Thanks very much for taking my questions. Firstly, I wanted to ask if your $1 billion-plus revenue guidance for 2024, achieving that threshold by 2024 does take into account the possibility of reduced vaccine demand, reduced vaccine production as the COVID-19 pandemic might shift to endemic status by that point. If you could just maybe comment the extent to which that number is essentially battle-proof, so to speak.

Tony Hunt

Management

Yes, great question Ram. When we look at our billion-dollar target, obviously--and we talked about this back in November with a number of analysts, so our model is about a 25% reduction in 2023 and 2024, and we still are confident that we can hit a billion dollars in 2024 even with that type of reduction. We think there’s a long tailwind on COVID and so we’ve modeled just from our perspective that type of drop, but we’re still very confident we can get to a billion-plus.

Jon Snodgres

Management

It’s 25% in ’23 and another 25% in 2024, just to be clear.

Ram Selvaraju

Analyst

Great, and then on the gene therapy side, I was wondering if in a more capital constrained environment - this is kind of building on questions that were asked earlier, do you think that, for example with the reusable resins, you would actually be able to take market share from your competitors from a bioprocessing perspective within gene therapy, and do you expect the bulk of the gene therapy demand to be driven by AAV products, particularly in the context of how your new resin products can be used?

Tony Hunt

Management

Yes, when we launched--and obviously we just did it the other day, we launched three resins for AAV against the more dominant AAV types that are out there, so obviously we no market share so we would hope to take some market share over the next couple of years.
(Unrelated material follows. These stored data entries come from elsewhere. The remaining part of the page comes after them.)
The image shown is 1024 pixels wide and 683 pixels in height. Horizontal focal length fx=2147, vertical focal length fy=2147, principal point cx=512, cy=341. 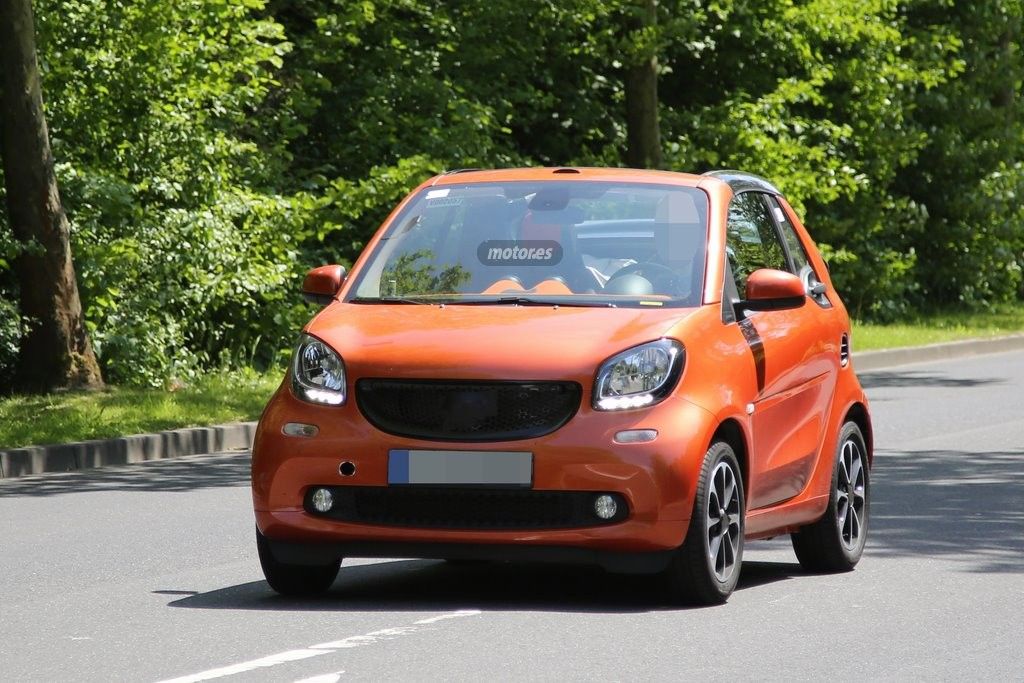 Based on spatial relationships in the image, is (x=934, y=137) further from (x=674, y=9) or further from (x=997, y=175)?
(x=674, y=9)

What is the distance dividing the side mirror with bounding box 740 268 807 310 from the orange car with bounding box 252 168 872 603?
1 centimetres

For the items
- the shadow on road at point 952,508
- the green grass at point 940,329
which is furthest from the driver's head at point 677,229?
the green grass at point 940,329

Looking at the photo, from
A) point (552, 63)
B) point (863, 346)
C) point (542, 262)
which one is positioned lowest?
point (863, 346)

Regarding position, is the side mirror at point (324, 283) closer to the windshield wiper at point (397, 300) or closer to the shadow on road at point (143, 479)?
the windshield wiper at point (397, 300)

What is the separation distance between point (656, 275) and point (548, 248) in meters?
0.45

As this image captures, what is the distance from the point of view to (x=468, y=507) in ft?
25.3

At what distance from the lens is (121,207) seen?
64.8ft

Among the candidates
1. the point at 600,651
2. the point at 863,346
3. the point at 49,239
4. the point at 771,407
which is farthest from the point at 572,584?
the point at 863,346

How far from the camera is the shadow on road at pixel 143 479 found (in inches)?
511

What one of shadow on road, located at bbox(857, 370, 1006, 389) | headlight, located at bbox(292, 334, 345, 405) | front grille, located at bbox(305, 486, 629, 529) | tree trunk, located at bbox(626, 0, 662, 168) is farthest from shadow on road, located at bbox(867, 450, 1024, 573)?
tree trunk, located at bbox(626, 0, 662, 168)

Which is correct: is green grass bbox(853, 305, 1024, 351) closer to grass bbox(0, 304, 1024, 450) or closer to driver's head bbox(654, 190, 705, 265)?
grass bbox(0, 304, 1024, 450)

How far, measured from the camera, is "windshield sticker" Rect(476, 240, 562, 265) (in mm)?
8516

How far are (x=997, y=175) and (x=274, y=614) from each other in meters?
28.8

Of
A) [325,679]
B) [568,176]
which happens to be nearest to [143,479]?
[568,176] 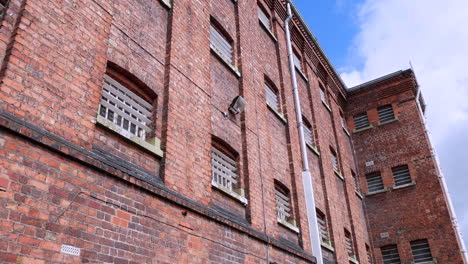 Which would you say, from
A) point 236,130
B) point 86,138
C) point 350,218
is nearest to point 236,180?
point 236,130

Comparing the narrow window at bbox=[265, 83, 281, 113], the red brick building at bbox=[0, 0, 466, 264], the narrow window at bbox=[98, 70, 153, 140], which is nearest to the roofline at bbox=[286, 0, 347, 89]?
the red brick building at bbox=[0, 0, 466, 264]

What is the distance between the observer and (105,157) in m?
5.71

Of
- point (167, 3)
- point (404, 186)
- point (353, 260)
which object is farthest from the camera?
point (404, 186)

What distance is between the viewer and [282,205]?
11125 millimetres

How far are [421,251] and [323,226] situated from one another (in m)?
6.68

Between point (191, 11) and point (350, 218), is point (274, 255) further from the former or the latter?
point (350, 218)

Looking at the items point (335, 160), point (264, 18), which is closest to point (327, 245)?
point (335, 160)

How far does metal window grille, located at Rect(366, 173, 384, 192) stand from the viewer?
765 inches

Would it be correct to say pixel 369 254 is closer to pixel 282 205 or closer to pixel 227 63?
pixel 282 205

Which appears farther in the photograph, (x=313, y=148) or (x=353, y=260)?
(x=353, y=260)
We think--you know, it was important for us when we launched the product that the products would be differentiated. They’re clearly differentiated versus the competition, but it’s going to take time, Ram. It’s not going to happen overnight, so yes, our expectation is we’ll take market share, it will take a couple of years to really build up our portfolio. Right now, AAV is the dominant gene therapy vector. There are other vectors, and obviously we’ll continue to look at that and decide what other Affinity resins we’ll bring to market over the next one to two years, but expect to see more Affinity resins coming from Repligen in the next one to two years.

Ram Selvaraju

Analyst

Thank you.

Operator

Operator

Thank you, and ladies and gentlemen, this concludes our question and answer session. I would like to turn the conference back over to Tony Hunt for any closing remarks.

Tony Hunt

Management

I’d just like to thank everybody for joining us this morning and look forward to catching up with everybody again in May, which is not too far away, so thanks again and we’ll chat later.

Operator

Operator

Thank you sir. The conference has now concluded. Thank you for attending today’s presentation. You may now disconnect.